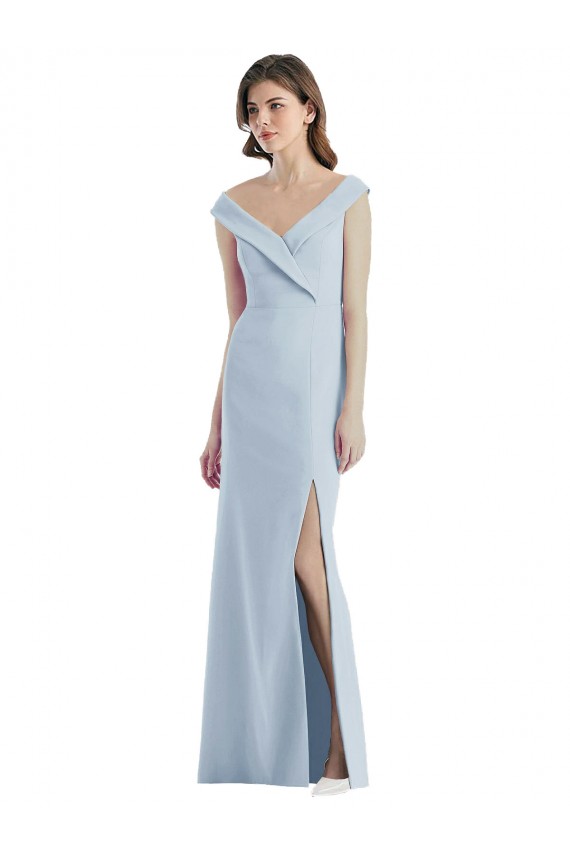 A-Line V-Neck Stretch Crepe Long Light Sky Blue Black Tie Evening Gown / Bridesmaid Dress Barrie
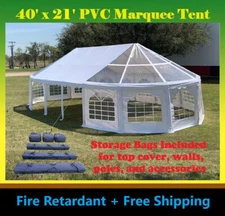 40'x21' PVC Marquee Fire Retardant Party Wedding Tent Canopy with Bay Windows
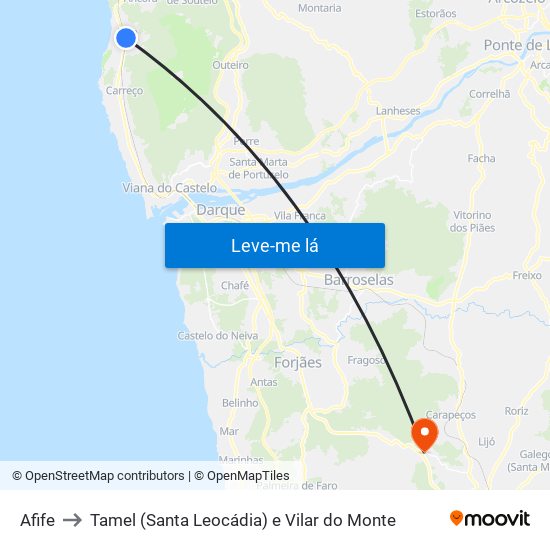 Afife to Tamel (Santa Leocádia) e Vilar do Monte map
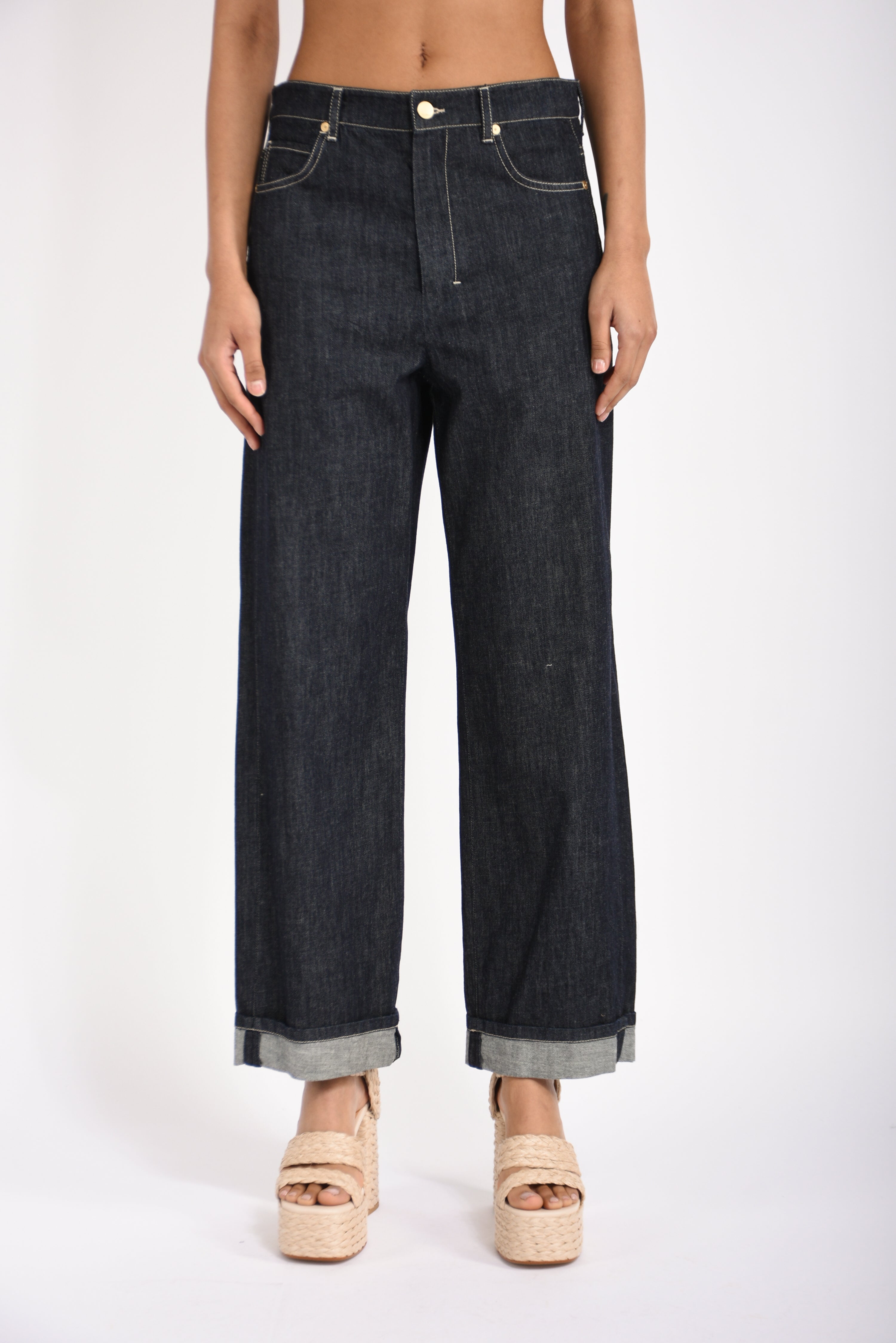 Jeans in denim con risvolto chiara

────────

**ASSIGNED TASK:** A word-for-word copy of the lines from the one with "40'x21' PVC Marquee" through the last line of the data above is required, with both end lines included and no pictures.

**WRITTEN SOLUTION:**
 40'x21' PVC Marquee Fire Retardant Party Wedding Tent Canopy with Bay Windows
 Afife to Tamel (Santa Leocádia) e Vilar do Monte map
 Jeans in denim con risvolto chiara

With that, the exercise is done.